JeschkeLab / DeerLab-Matlab

Data analysis and method development toolbox for dipolar EPR spectroscopy
MIT License
4 stars 2 forks source link

Support for distance vectors with non-uniform increment #83

Closed stestoll closed 4 years ago

stestoll commented 4 years ago

Is it possible to have DeerLab support r vectors with arbitrary (positive) increments?

For example, r = sqrt(linspace(1.5,6^2)).

Normalization of P in this case is easy, but it's unclear how to apply the delta-r scaling to the kernel matrix. K = K.*diff(r) doesn't work because diff(r) is one element too short.

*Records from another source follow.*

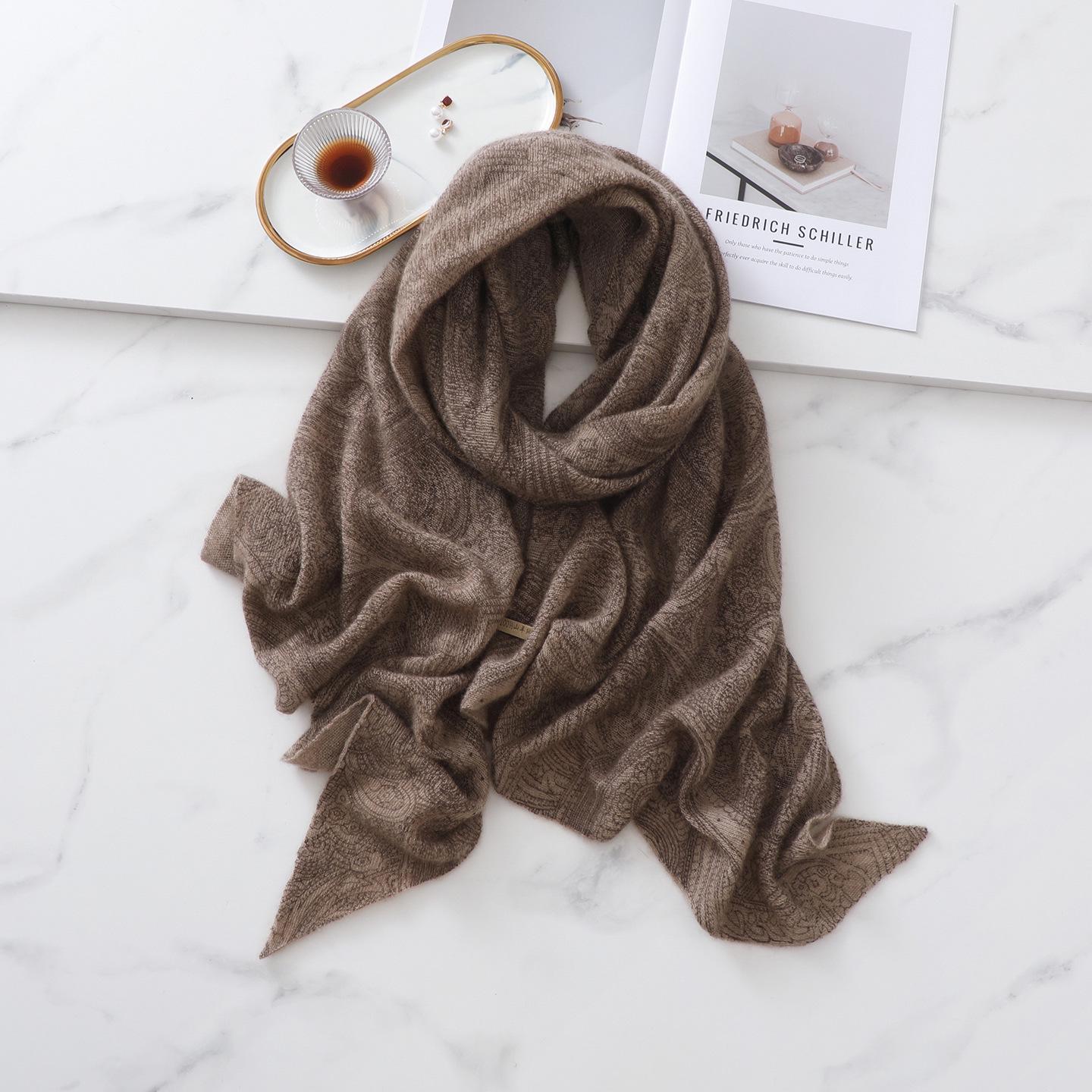 Women s 100% Pure Cashmere Paisley Print Scarf - Irregular Knit Shawl for Autumn/Winter фиолетовый книги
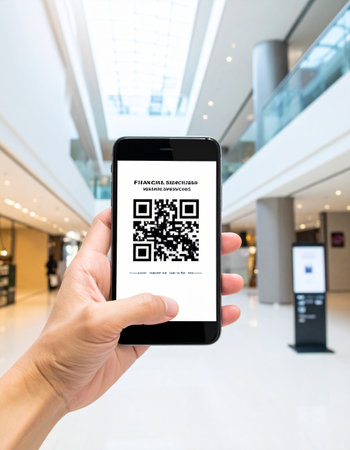 A person presents a QR code on their smartphone screen for digital access or a contactless transaction.の素材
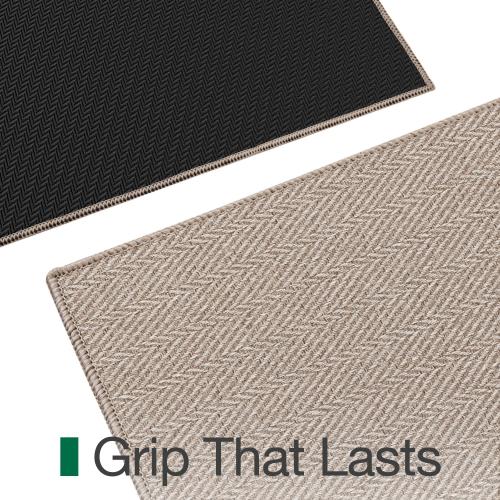 LUMI Ultra Thin Indoor Door Mat for Entrance 36x56, Non Slip Entryway Mat, Low Profile Doormat, Unique Herringbone Design Carpet for Inside, Patio, Porch, Dark Beige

luisfabib commented 4 years ago

Non-uniform distance vectors can be implemented in a very straightforward way:

Using trapz as integration function

The MATLAB trapz function allows the integration over non-uniform spaces, meaning that the Fredholm integral would need to be written as:

V = trapz(r,K.*P.',2)

This requires the dipolarkernel not to be normalized by dr and for the distance distribution to be normalized via P = P/trapz(r,P) instead of P = P/sum(P). This definition using the trapz function would also work for uniform spaces, without any difference.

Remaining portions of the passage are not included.